Пусть, когда закроется книга моей жизни, раскроется моя книга о смерти.
Я ее посвящаю вам, живые, не для того, чтобы омрачить ваше сердце, но для того, чтобы каждый из нас смотрел на свою жизнь, как на непроницаемую святыню.
Нет в жизни ничего поразительнее смерти. Она отрицает все, перед чем мы преклоняемся: гений, красоту, власть. Она делает наше отдельное существование таким бессмысленным, что, собственно говоря, каждому следовало бы сойти с ума от сознания, что он умрет. Но от этого никто с ума не сходит.
Над раскрытой могилой прославленных людей произносят речи. В них обыкновенно говорится, что «безжалостная смерть» похитила этого человека, но что «его дела будут жить». Здесь сказывается и наша хвастливость перед силою смерти, и стремление побудить других людей продолжать без уныния заниматься общеполезными делами. Но и то и другое бесцельно. Никакое хвастовство не запугает смерти, и никакие ее опустошения не остановят здоровых людей в их занятиях. Они будут заниматься потому, что такова уже их природа и что всякая смерть ими забывается, будто она была суждена только покойнику, но не им. Но сколько бы там ни разглагольствовали ораторы, теснящиеся возле дыры с опущенным в нее гробом, об энергии человечества – все-таки всего менее энергии к «делу» может внушить именно этот последний мертвец. Всякий знает, что в агонии, когда мутился его ум, он был совершенно чужд тому делу, которое любил при жизни, и всякий уходит от этой зарытой куклы с сознанием какой-то неразрешимой нелепости. Недоумение это, впрочем, скоро проходит… до нового подобного же случая, когда совершенно заново – сколько бы похорон ни повторилось – возникает и опять так же быстро проходит то же самое недоумение. И так все живут от сотворения мира.

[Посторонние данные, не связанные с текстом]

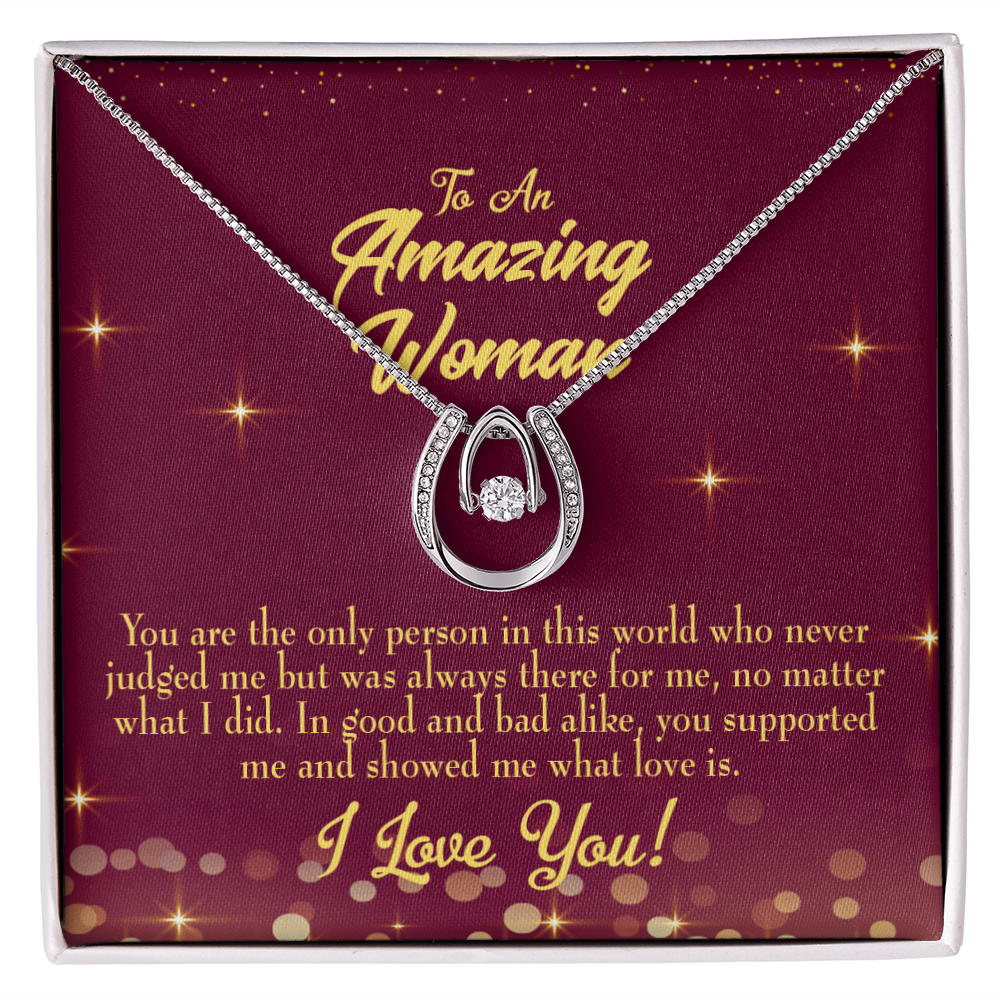 To Mom Always There Lucky Horseshoe Necklace Message Card 14k w CZ Crystals-Express Your Love Gifts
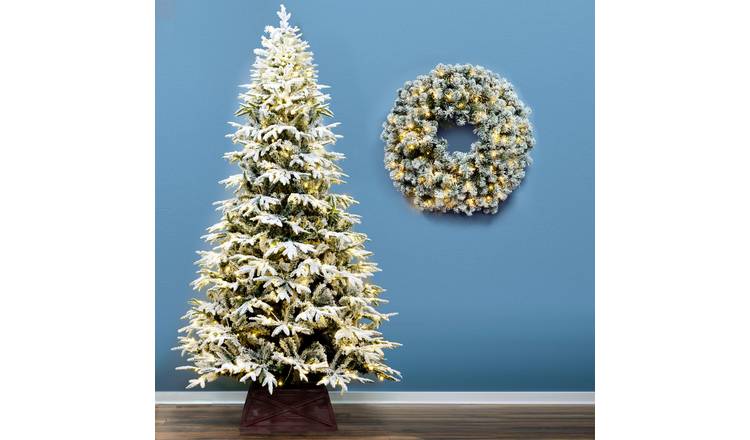 Christmas Tree World 10ft Pre-Lit Snowy Alpine - Warm White Lights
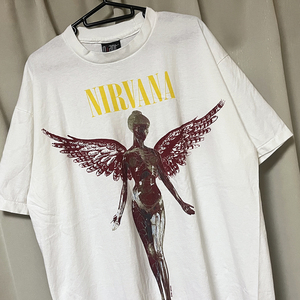 XL NIRVANA ニルヴァーナ IN UTERO グランジ ロック バンド Tシャツ 新品 カートコバーン 白（90s ビンテージ Giant USA製 アメリカ製）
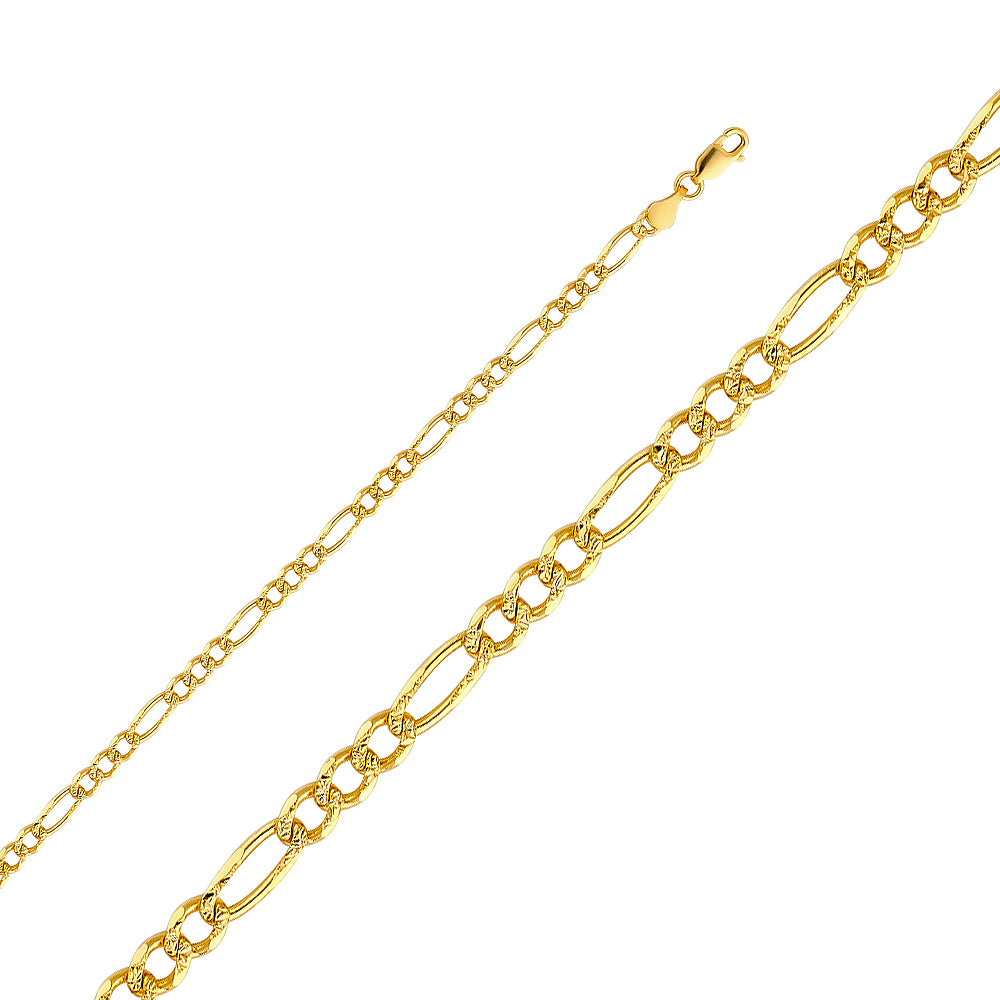 14K Yellow Gold Figaro 3+1 100 Yp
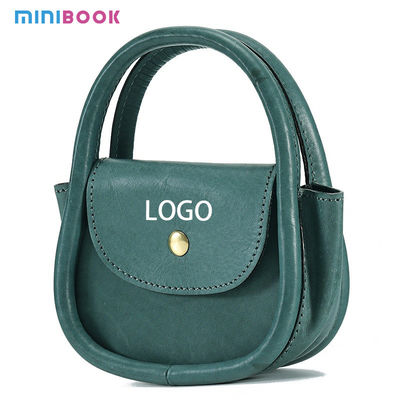 First Layer Cowhide Single Shoulder Street Fashion Lipstick Bag with Zipper Hasp Closure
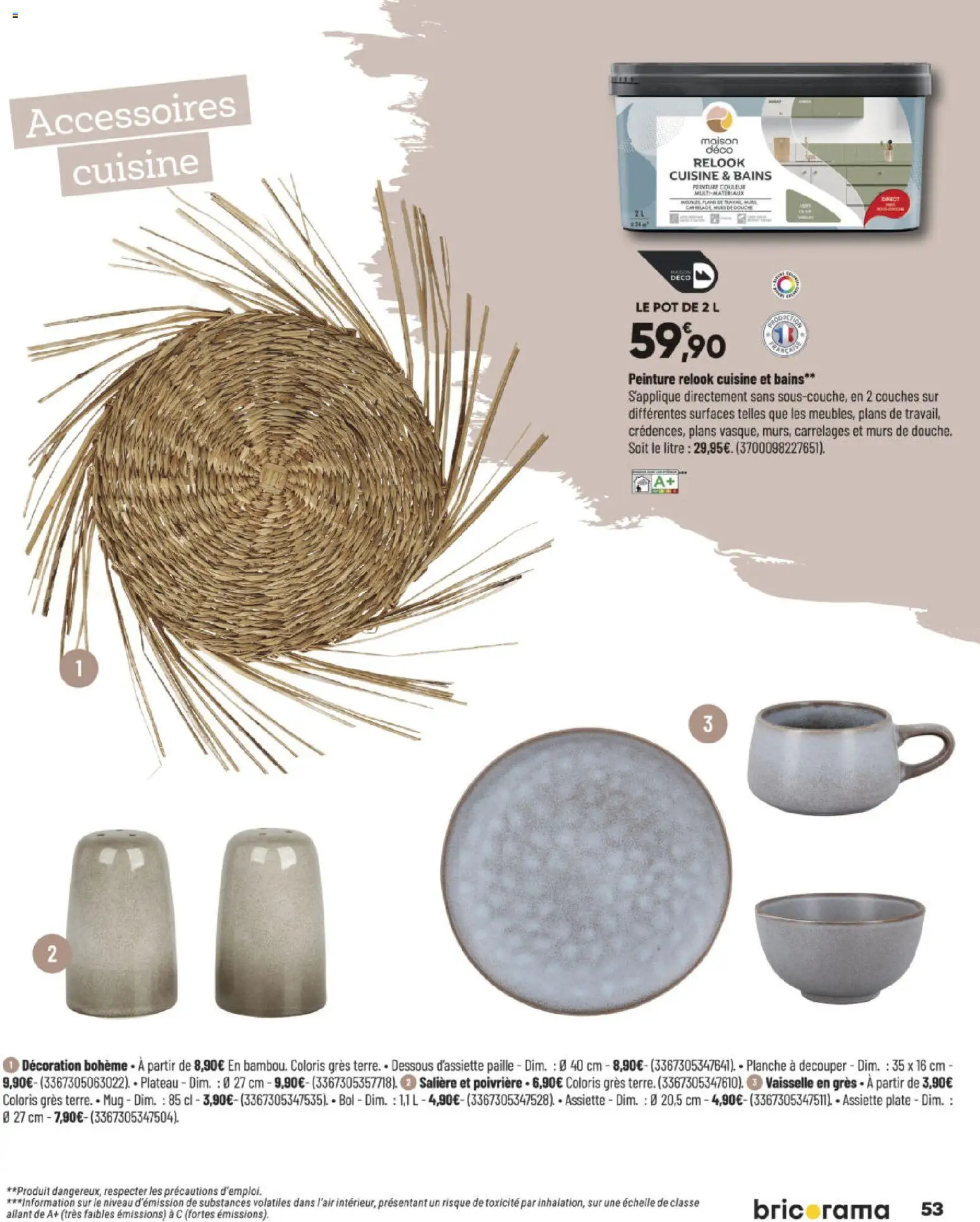 {H1} | Page: 53 | Produits: Plateau, Planche à découper, Bol, Douche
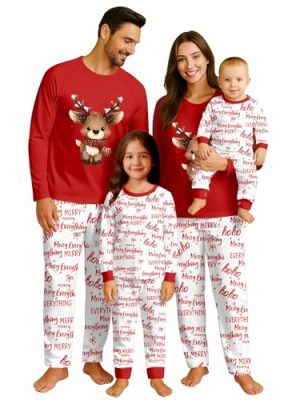 Family Christmas Pajamas Matching Sets Long Sleeve Tops Long Pants Women Sleepwear Holiday Men Pjs Loungewear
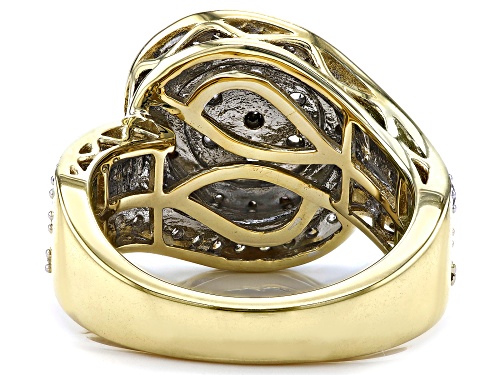 1.50ctw Round Candlelight Diamonds™ 10k Yellow Gold Cluster Ring - Size 10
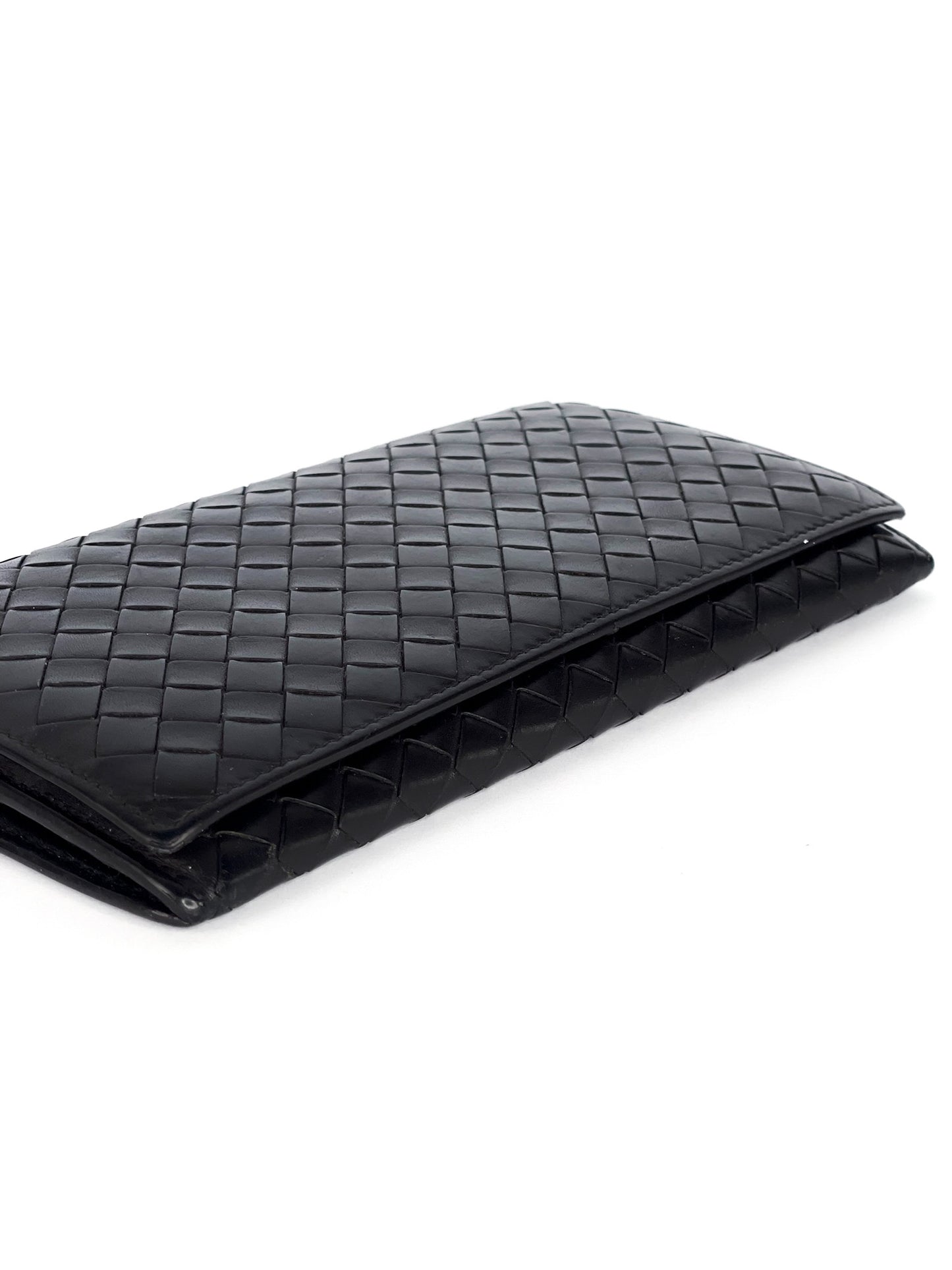 Bottega Veneta Black Intrecciato Leather Continental Wallet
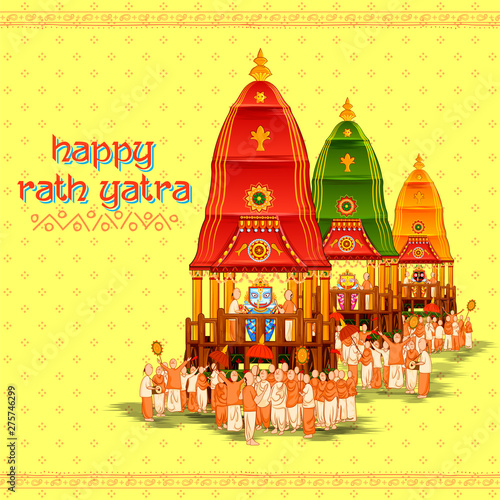 illustration of Lord Jagannath, Balabhadra and Subhadra on annual Rathayatra in Odisha festival background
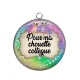 Pendentif Cabochon Argent - pour ma chouette collègue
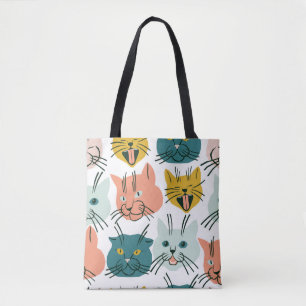 Katzen sehen sich einem sonnigen Vintagen Muster g Tasche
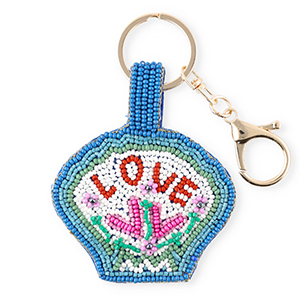Sleutelhangers shell "LOVE" Gold-blue-green-white-red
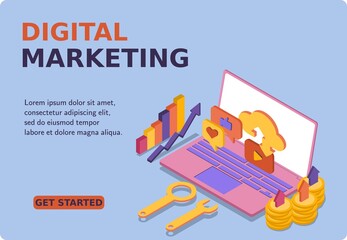 Digital Marketing banner and website. Mockup laptop and increase in video downloads. Successful hitting the target. Analysis and strategy. 3d isometric vector illustration. Popular flat colors.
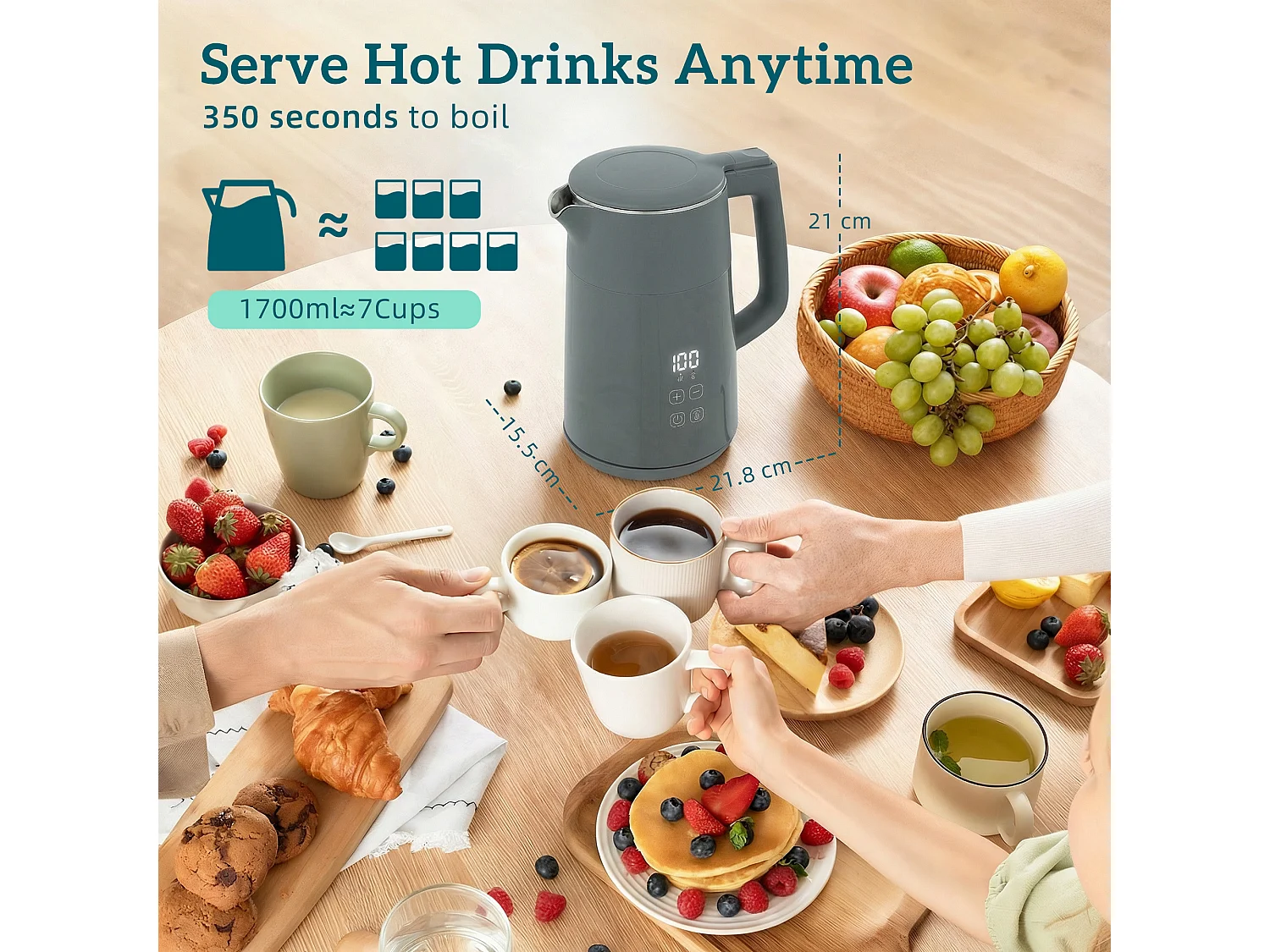 HOMCOM 1.7L Fast Boil 3000W Electric Kettle with LED Display, Grey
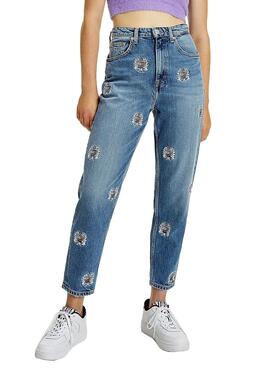 Pantalón Tommy Jeans Mom Logos Para Mujer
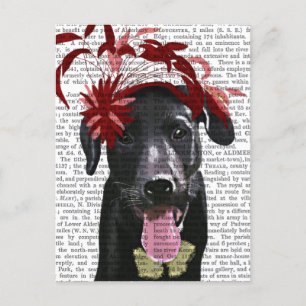 Black Labrador With Red Fascinator Postcard
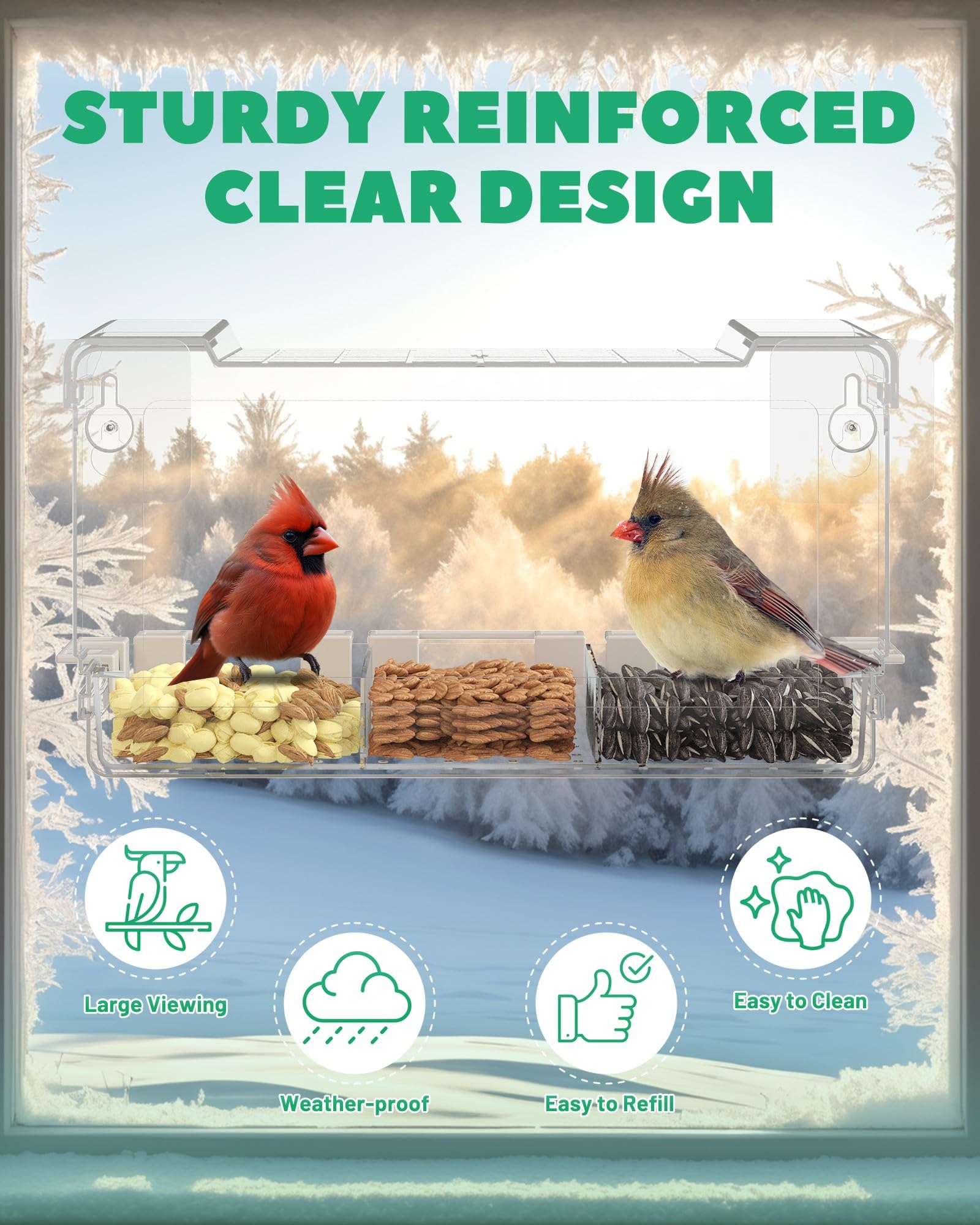 LMHOME Clear Window Bird Feeder with adhesive hooks enables easy installation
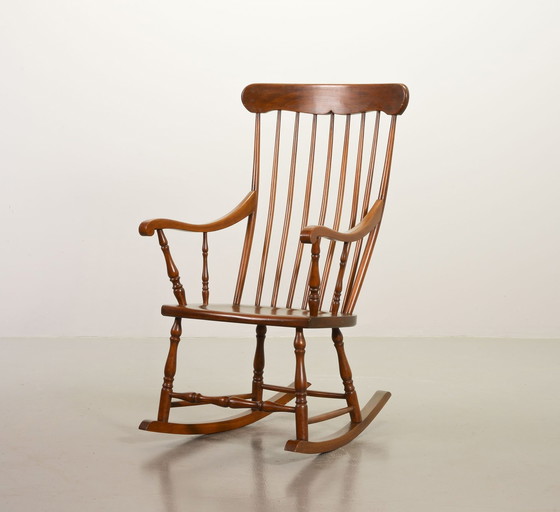 Image 1 of Classic Vintage Oakwood High Spindle Back Rocking Chair, 1960S.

Природа нестерпимо умна, то есть так умна, что мы не только не можем переделать ее законов, но при всем нашем негодовании на нее, при всем нашем страдании от нее, – мы не в силах даже придумать иного устройства мира. Кажется, чего проще – устранить смерть, и все было бы хорошо… Но попробуйте. При настоящем строе все мило, потому что преходимо, – тогда бы все сделалось постоянным и стало несносным. Наша любимая земля, если бы только с нее решительно никогда и никуда ни за какие блага невозможно было уйти, сделалась бы нам столь ненавистною, что мы, сжимая кулаки и стуча головами о камни, изрыгали бы проклятия на те далекие звезды, которые теперь почему-то кажутся нам такими таинственными и сродными. Они были бы от нас еще дальше, чем теперь… Не было бы ни власти, ни религии, потому что никто бы не мог отнять жизни. Встречая постоянно Адама, Клеопатру и Александра Македонского, мы были бы к ним совершенно равнодушны и не имели бы истории. Поэт и художник ничего бы не создавали, потому что у них не было бы побуждений оставить свой след, да и мотивы для искусства совершенно бы исчезли в этой неизменной, неразвивающейся жизни. Все люди имели бы один возраст, и юность утратила бы свою прелесть. Все, что мы называем «благами жизни»: удобство, роскошь, ткани, которые нежат наше тело, колесницы и вагоны, избавляющие нас от утомления, дворцы, заставляющие нас забывать о погоде и климате, – все это не только бы лишилось значения, но едва ли бы и возникло, потому что холод бы нас не простуживал, голод нам не вредил, усталость не изнуряла и т. д. и т. д. Самое различие полов едва ли было бы нужно и возможно, потому что в обновлении человечества, сделавшегося неистребимым во всем его составе, не было бы надобности, а безграничное разложение его было бы очевидно невозможно. Словом, та именно жизнь, которую мы теперь так страстно любим, ни под каким видом не могла бы быть такою, как теперь, если бы не было смерти. Сохранить ее в настоящем ее виде, с устранением из нее смерти, не было бы никакой возможности. И как ни странно, но следует сказать, что та жизнь, которую мы любим, создана не чем иным, как смертью.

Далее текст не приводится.